Aside from the future of the NHS, one of the major political causes in the public eye is that of border control. Recent legislation has drafted landlords into this particular battle with the Right to Rent provisions. These were introduced in the Immigration Act 2014 and are in force from 1st February 2016.
“Right to Rent” effectively places the responsibility for checking a potential tenant’s right to live in the UK on the landlord, including landlord’s agents, subletting leaseholders and those taking in lodgers. Excluded from the provisions are local authorities, social housing, mobile homes, student accommodation and long leases. However almost all private landlords letting out properties under Assured Shorthold Tenancies will be required to make the checks.
The Right to Rent check that landlords and their agents must carry out includes:
- Checking the identity of anyone who will use the rented property as their only/main place of residence.
- Checking that they have a right to live in the UK, including requiring that the tenant show the original documents. A landlord will be required to look over these documents and check that they are genuine and relate to the individuals who will be living in the property (i.e. that all names etc. match).
- Keeping copies of the documents and note the date that the check was made.
If the tenant’s right to remain is of limited duration the following additional provisions apply;
- The check must be carried out in the 28 days before commencement of the tenancy.
- The check must be repeated within 12 months or just before the expiry of the residence period, and if the tenant’s right to remain has expired the landlord has a duty to tell the Home Office.
- If the Home Office holds the tenant’s documentation then the Landlord may request that they perform the check.
Failure to carry out Right to Rent checks can result in landlords being fined up to £3,000. A full Code of Practice can be found here.

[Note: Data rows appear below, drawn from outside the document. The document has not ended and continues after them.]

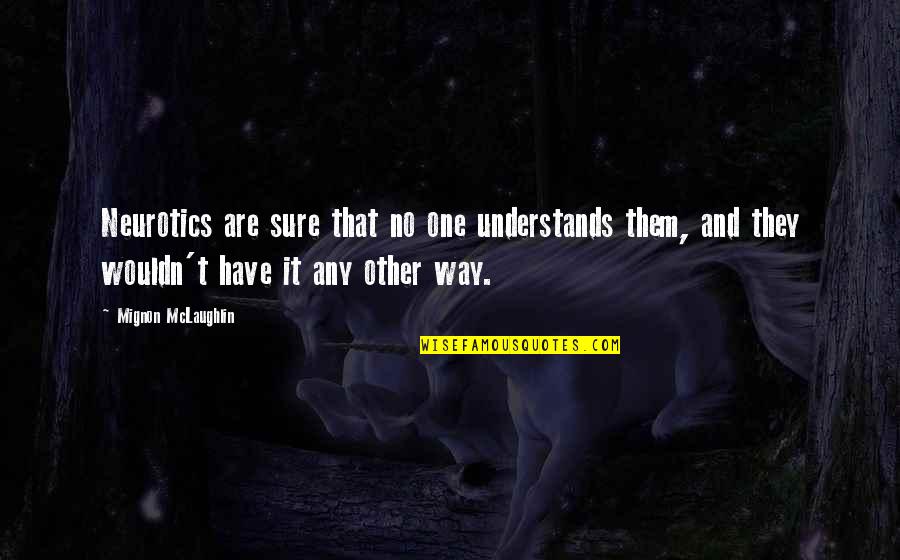 Grain Bin Quotes By Mignon McLaughlin: Neurotics are sure that no one understands them, Grain Bin Quotes By Mignon McLaughlin: Neurotics are sure that no one understands them,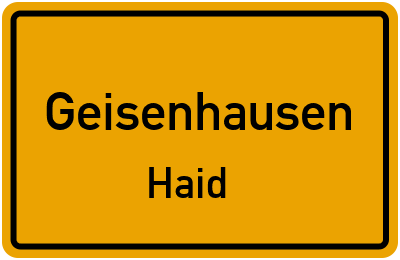 Ortsschild Geisenhausen Haid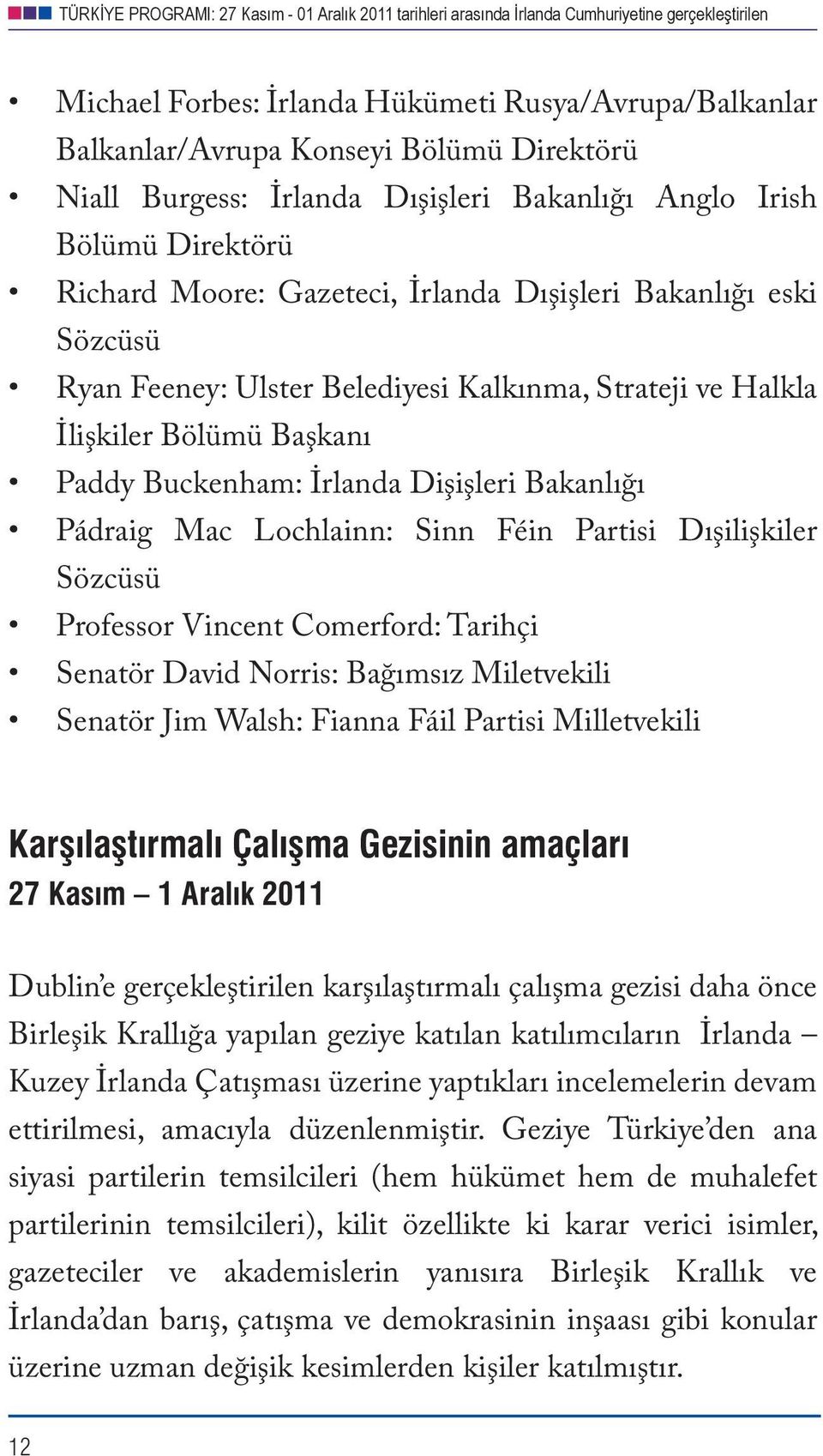 Féin Partisi Dışilişkiler Sözcüsü Professor Vincent Comerford: Tarihçi Senatör David Norris: Bağımsız Miletvekili Senatör Jim Walsh: Fianna Fáil Partisi Milletvekili Karşılaştırmalı Çalışma Gezisinin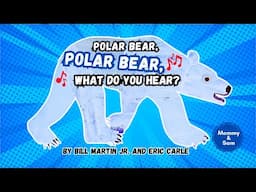 Polar Bear, Polar Bear, What Do You Hear? | Animal Sounds Song for Kids | Sing-Along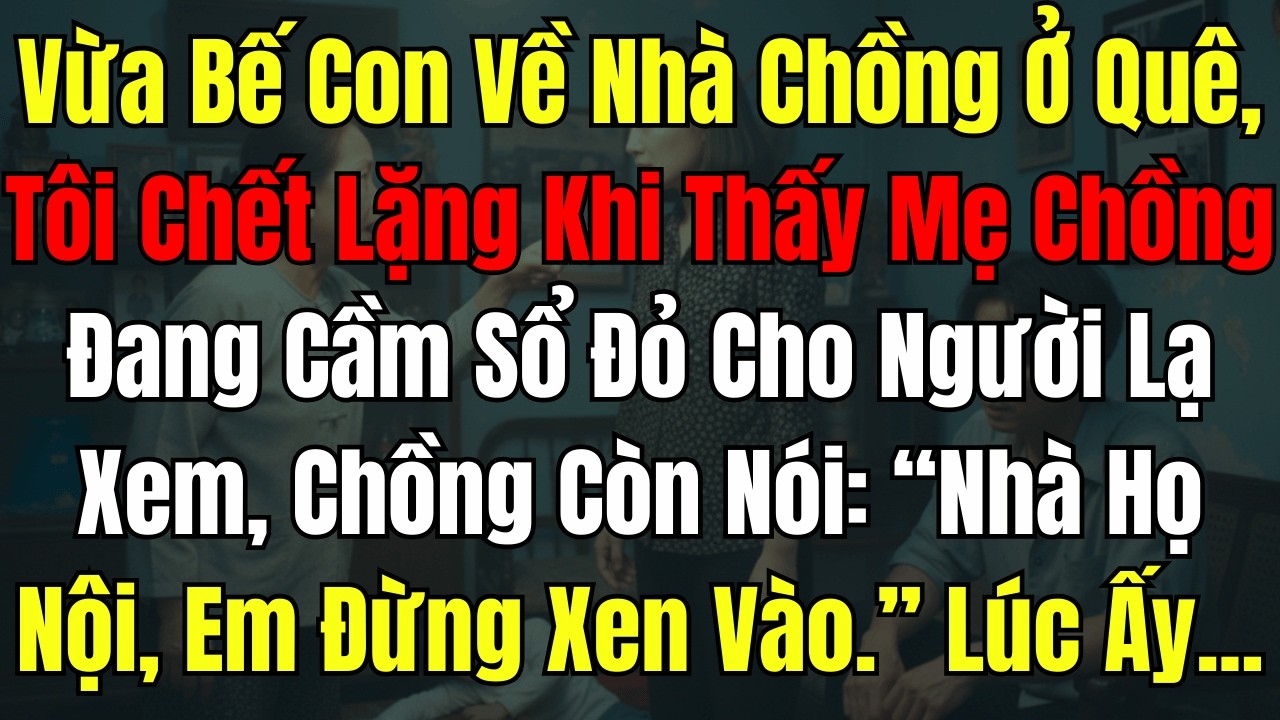 Vừa Bế Con Về Nhà Chồng Ở Quê, Tôi Chết Lặng Khi Thấy Mẹ Chồng Đang Cầm Sổ Đỏ Cho Người Lạ Xem...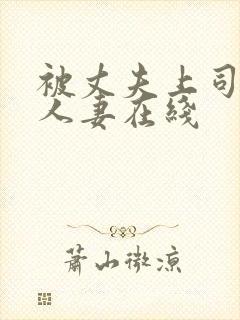 被丈夫上司侵犯人妻在线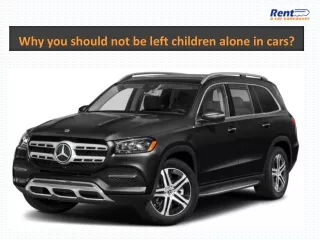 Why you should not be left children alone in cars?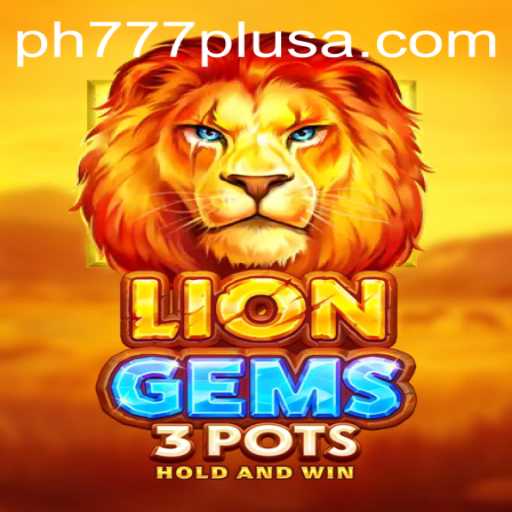 Discover the Exciting World of LionGems3pots and the PH777 Plus Experience
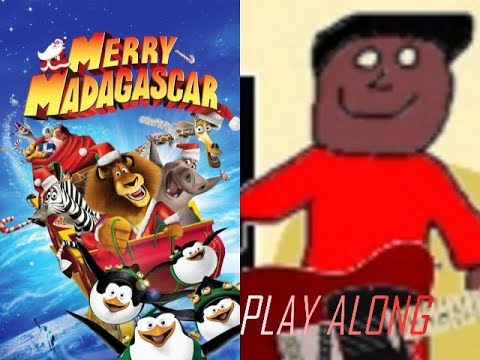 Merry Madagascar Play Along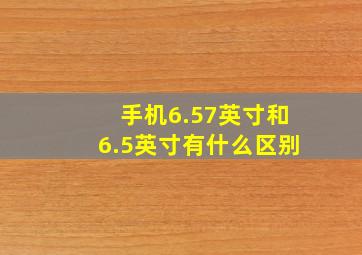 手机6.57英寸和6.5英寸有什么区别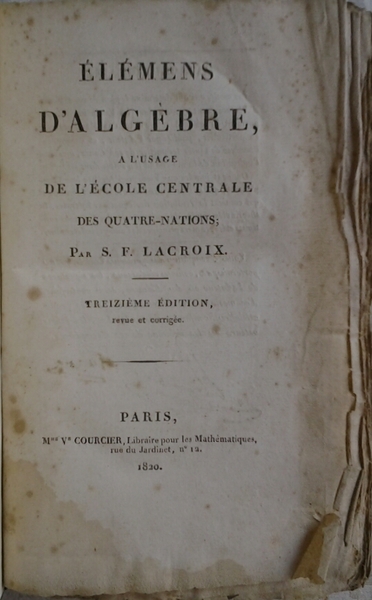 ELEMENS DE ALGEBRE. - A' l'usage de l'Ecole Centrale des …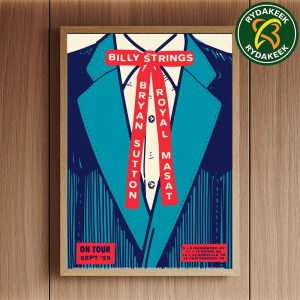 Billy Strings Summer Tour 2025 With Bryan Sutton And Royal Masat In September 2025 Home Decor Poster Canvas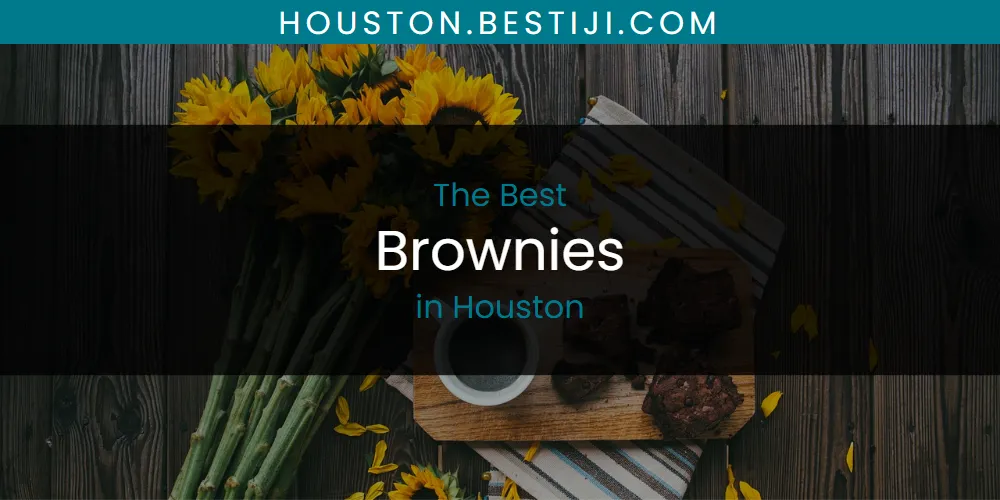 The Absolute Best Brownies in Houston  [Updated 2025]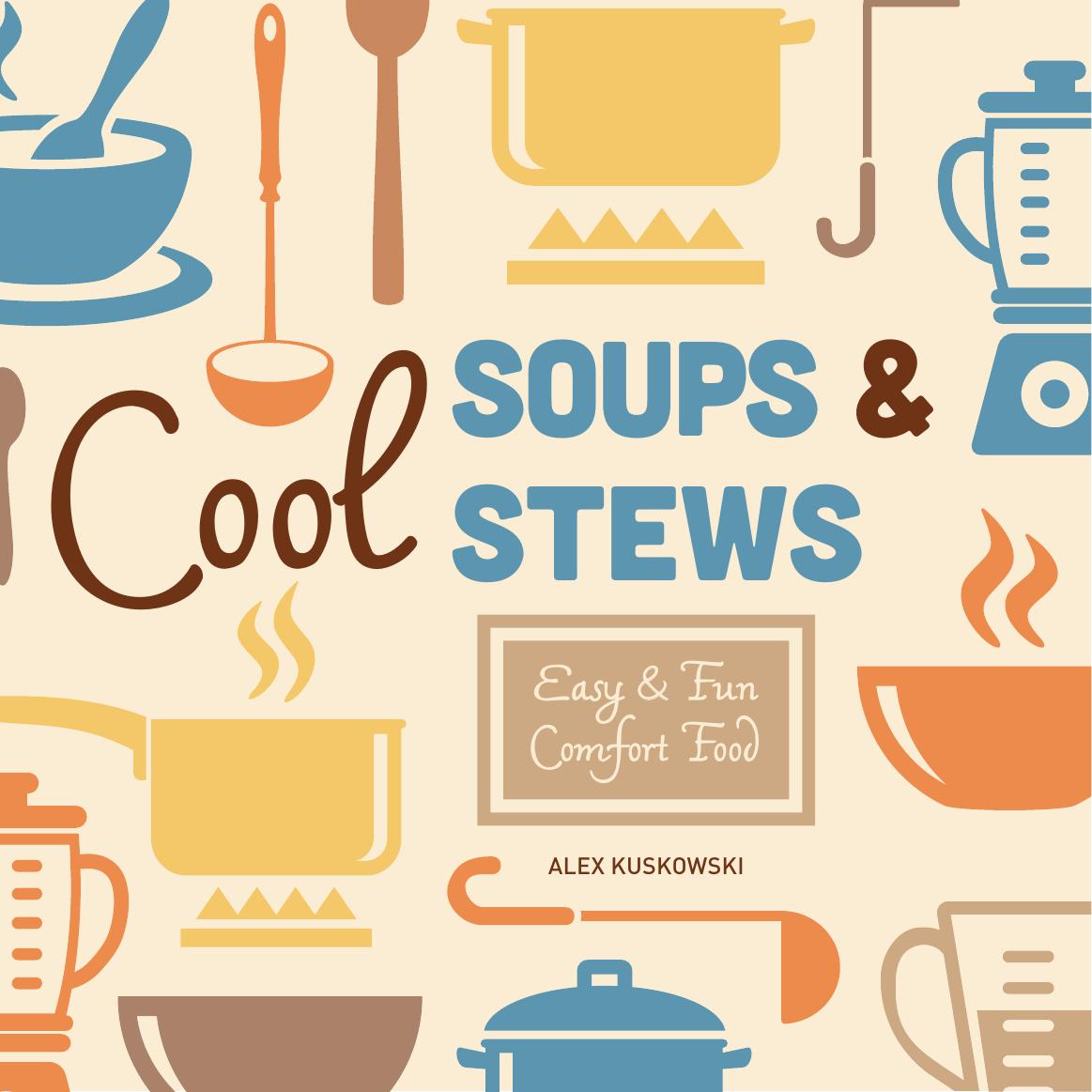 Cool Soups & Stews - Cool Home Cooking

What does this mean in practice? Few landlords are likely to relish being made a part of the government’s policies in such a direct manner. The provisions create more work and come with a severe penalty. A landlord is not, for example, an expert in forged documentation, and may not relish becoming a government-mandated informer. The new measures seem likely to cause additional stress for both landlords and tenants, especially the most vulnerable, and to inject additional tensions into landlord-tenant relations which have plenty of potential for problems already. In the worst case it may simply mean that landlords will refuse to rent to any tenant who looks as though they may cause a Right to Rent problem, whether for fear of the fine or simply to avoid the extra paperwork, thus locking an innately vulnerable section of the population out of the private rented sector.